The industry collected $2.5 billion in luggage fees for the first three quarters of the year, according to data released by the government yesterday. The damage from ticket change fees? $1.7 billion.
Delta Air Lines wins in both ticket change fees ($530 million) and luggage fees ($733 million). American Airlines came in second place ($353 million/$431 million) and United Airlines took third place for change fees ($243 million) while US Airways showed in the baggage category with $388 million collected in the first three quarters of the year.
Needless to say, passengers are furious about these fees.
“Airlines continue to insult my intelligence,” says reader Scott Higbee. “The baggage fee is a money-grab, pure and simple.”

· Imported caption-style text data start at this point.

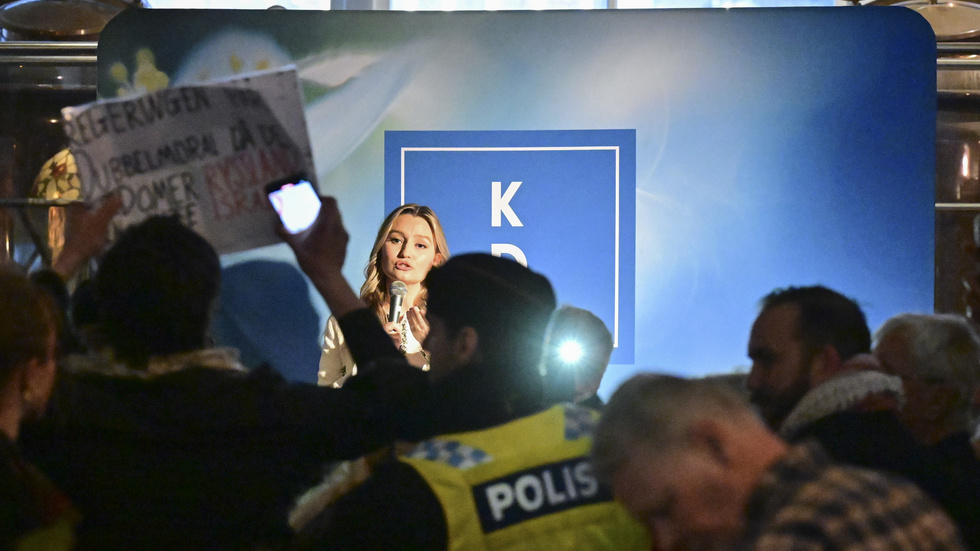 
Demonstranter stör Kristdemokraternas partiledare Ebba Busch under en after work med EU-fokus på John Scott Palace i Göteborg.
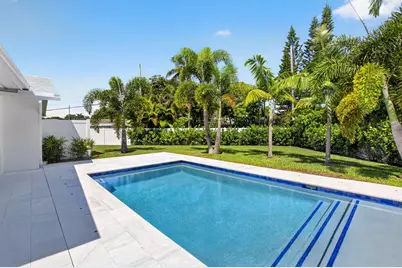 135 SE 28th Court, Boynton Beach, FL 33435 - Photo 5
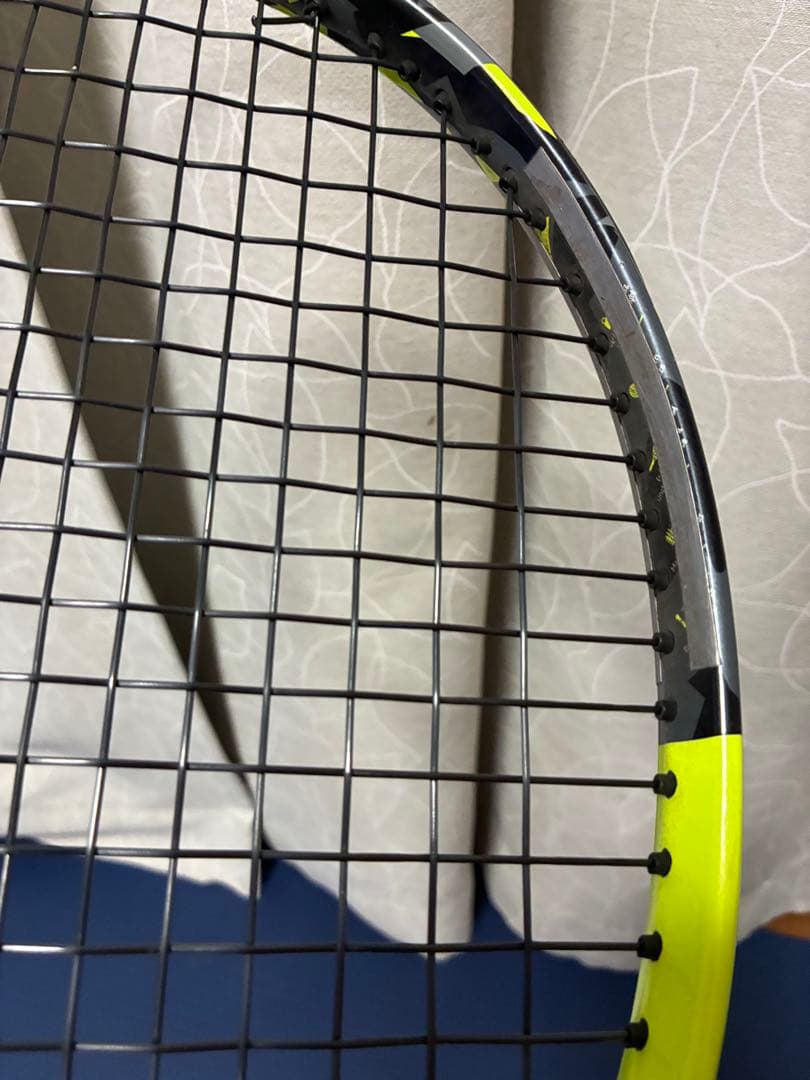 バボラ ピュアアエロ 98 グリップ3（国内正規品・24年11月ガット張替済）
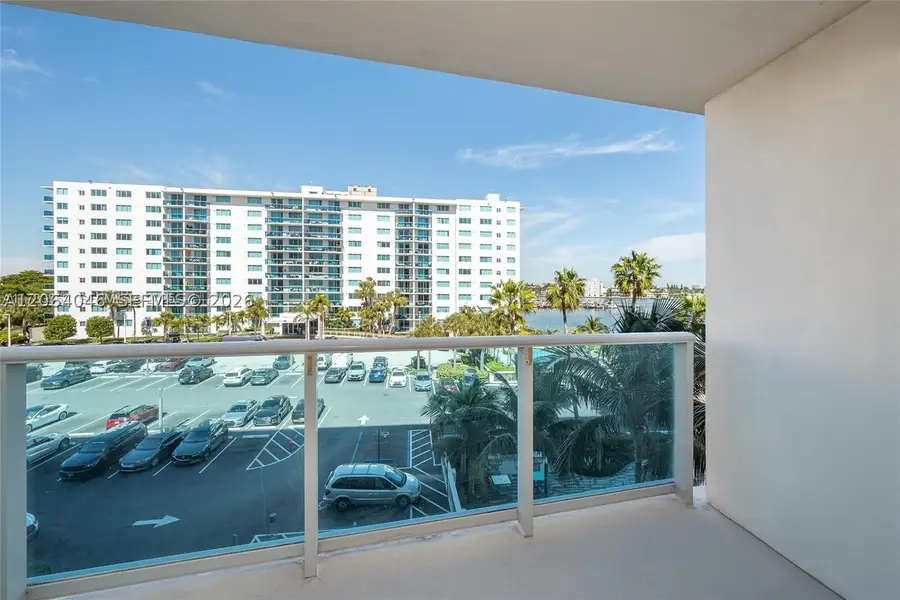 7501 E Treasure Dr #7H, North Bay Village, FL 33141 - #2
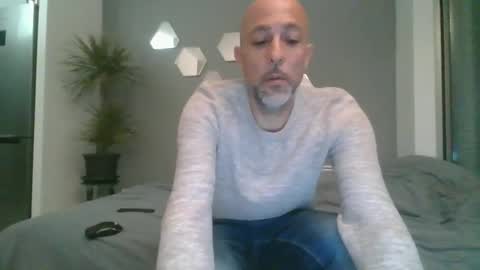 benbare13 online show from 02/20/25, 05:07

If this had been a legitimate “unbundling” action, then airlines would have lowered their fares when they added baggage and change fees, he says. But ticket prices didn’t go down. In fact, they’ve been increasing and are expected to rise even more in 2011.
(Ironically, the airline industry is still complaining about its profits, which it calls “pathetic.”)
There’s more to this story, and in order to tell it, I have to rewind to an earlier column about good airline fees and bad airline fees.
Good fees, as I explain, add a service that the airline didn’t have before, like onboard Wi-Fi; bad fees take something away that used to come with the ticket, like the ability to check a bag or make a confirmed seat reservation, without lowering ticket prices in a meaningful way.